Calculate Family Relationship from Genealogical Da

2019-03-08 04:09发布

问题:

I would like to be able to calculate the family relationship between two individuals in a family tree, given the following data schema (simplified from my actual data schema, only showing columns that directly apply to this problem):

individual
----------
id
gender

child
----------
child_id
father_id
mother_id

With this structure, how can one calculate the relationship between two individual id's (i.e. cousin, great grand uncle, etc.).

Also, as there are actually two relationships (i.e. A-B may be nephew whereas B-A is uncle), how can one generate the complement to the other (given uncle, and assuming we know gender, how might we generate nephew?). This is more of a trivial question, the former is what I'm really interested in.

Thanks all!

回答1:

You'll first need to calculate the Lowest Common Ancestor of both A and B. Call this Lowest Common Ancestor C.

Then calculate the distance in steps from C to A (CA) and C to B (CB). These values should be indexed into another table that determines the relationship based on these two values. For example:

CA      CB      Relation
1       2       uncle
2       1       nephew
2       2       cousin
0       1       father
0       2       grandfather

You might keep the basic relations in this table, and add "great-" for additional distances on certain relations like grandfather, ex.: (0, 3) = great-grandfather.

Hopefully this will point you in the right direction.
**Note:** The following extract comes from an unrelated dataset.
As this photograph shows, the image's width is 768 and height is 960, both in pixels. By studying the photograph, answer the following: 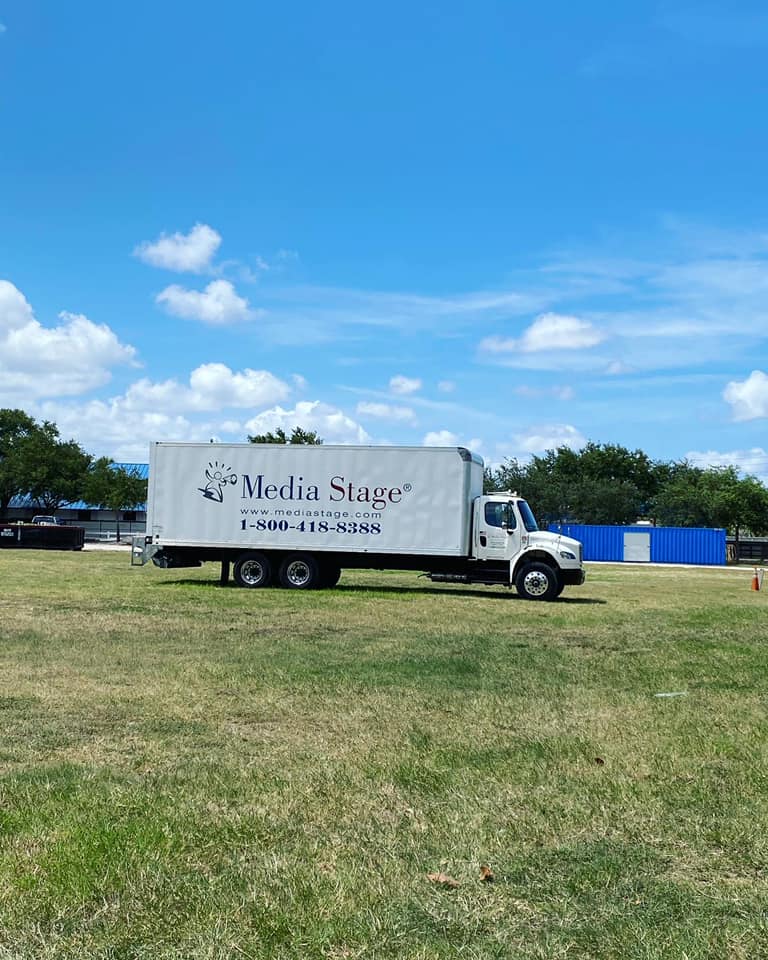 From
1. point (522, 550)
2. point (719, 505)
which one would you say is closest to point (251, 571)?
point (522, 550)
Best of luck!

UPDATE: (I can't comment below your code, since I don't have the reputation yet.)

Your function aggrandize_relationships is a little off, I think. You can simplify it by prefixing "grand" if the offset is 1 or greater, then prefix "great-" (offset - 1) times. Your version might include the prefix "great grand great grand" for very distant relatives.(Not sure if I have the correct parameter in this explanation, but hopefully you get the gist of it. Also, no idea if your family tree is going that far back, but the point remains valid.)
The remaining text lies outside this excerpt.